Getting a grip on groupthink

Several years ago, Emory English professor Mark Bauerlein published what remains one of our sharpest commentaries on how academic groupthink narrows the scope of scholarship and teaching--and, by extension, the kinds of knowledge that are valued and produced within our higher education system. Responding to recent studies documenting the political uniformity of four-year college and university faculties (especially those in the humanities and social sciences), Bauerlein sought to deepen our understanding of how pervasive and yet subtle intellectual conformity is in the academy; his essay focused on how, among scholars, intellectual choices are closely tied to political leanings and, crucially, on how both intellectual choices and political leanings are assumed by the broader culture of the academy in everything from its dinner parties to its personnel decisions. Academics may be quite honest when they say they do not consider a job candidate's politics--but they are not being honest at all when they refuse to admit that in crucial ways, those politics have already been carefully selected for, and are most likely embodied within the candidate's research, teaching, conversation, and general demeanor. As Bauerlein put it, "Political orientation has been embedded into the disciplines, and so what is indeed a political judgment may be expressed in disciplinary terms."

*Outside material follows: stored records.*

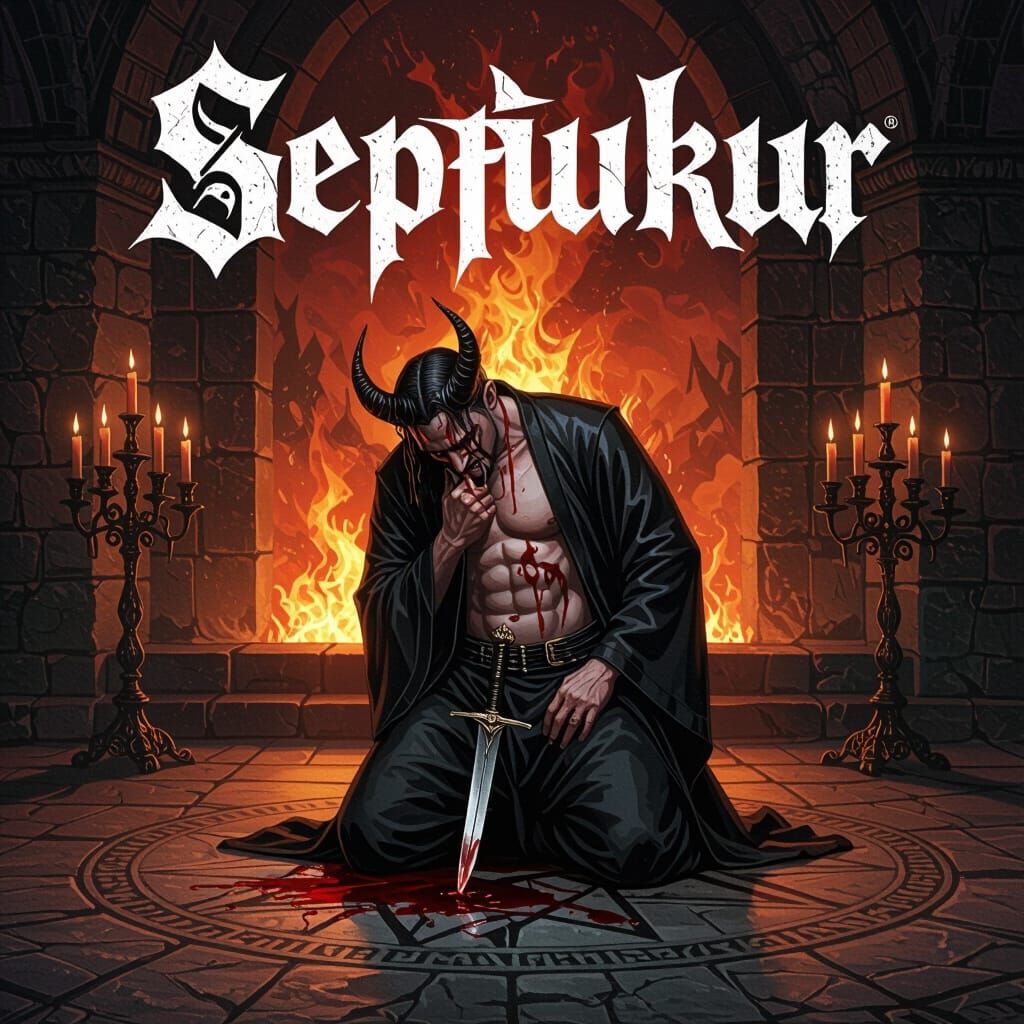 Satan Weeping and Stabbing Himself in Hellish Inferno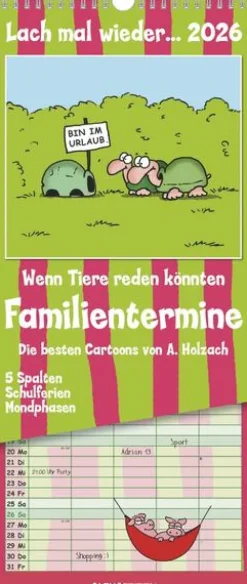teNeues Calendars & Stationery GmbH & Co. KG Terminkalender*Alpha Edition - Lach mal wieder... Familienplaner 2026 - 19,5×45 cm mit 5 Spalten & lustigen Cartoons, mehrsprachiger Familienkalender/Wandkalender für Termine in Haushalt, Schule & Freizeit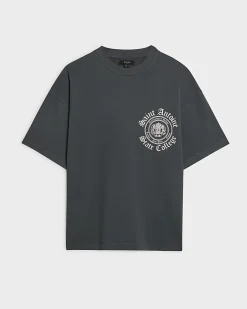 Grey Cotton Saint Antoine Crest T-Shirt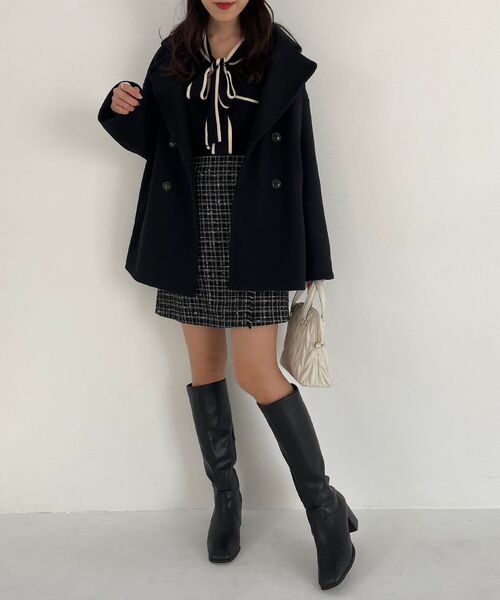 MAJESTIC LEGON（マジェスティックレゴン）の「イロドリミドルコート（その他アウター・レディース・アイボリー/オートミール/イエロー/ピンク系その他/ミント/ブルー系その他5/ブラック・SMALL/MEDIUM）」の12枚目の写真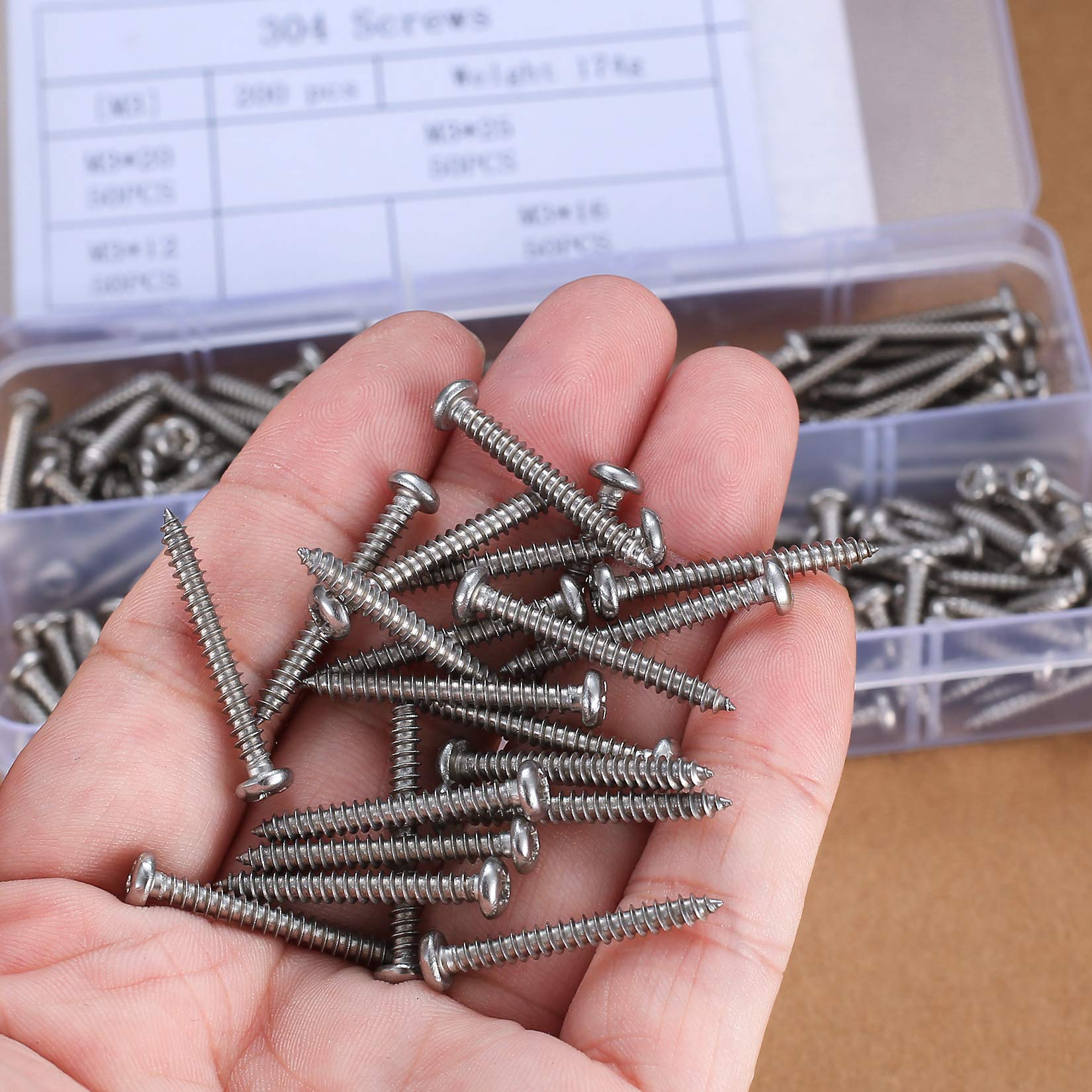 200 Pezzi Viti Autoruggenti M3 Testa Piatta In Acciaio Inox Per Pannelli Mobili E Legno, Confezione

These ideas were taken up last week at a conference hosted by the American Enterprise Institute. Entitled "Reforming the Politically Correct University," the conference featured presentations by ACTA president Anne Neal, the Manhattan Institute's John McWhorter, National Association of Scholars executive director Peter Wood, and FIRE president Greg Lukianoff. Neal spoke about what alumni and trustees can do to help ensure free inquiry, fair personnel decisions, and curricular integrity at the institutions where they are stakeholders and fiduciary overseers.

Another key participant was National Journal's Stuart Taylor, co-author with KC Johnson of the remarkable Until Proven Innocent: Political Correctness and the Shameful Injustices of the Duke Lacrosse Rape Case. The book outlined the institutional obsession with race, class, and gender at Duke and beyond--a theme Taylor revisits in his recent commentary on the University of Delaware's doctrinaire residential life curriculum (see "Academia's Pervasive PC Rot").

Of particular interest was the research presented on the pressure academics face to conform themselves to the academy's forceful intellectual status quo. Building on Bauerlein's observations about academic groupthink, social science researchers presented evidence that faculties are overwhelmingly one-sided, that ideology plays a substantial role in academics' career prospects, and that majoritarian groupthink is alive and well in departmental self-governance.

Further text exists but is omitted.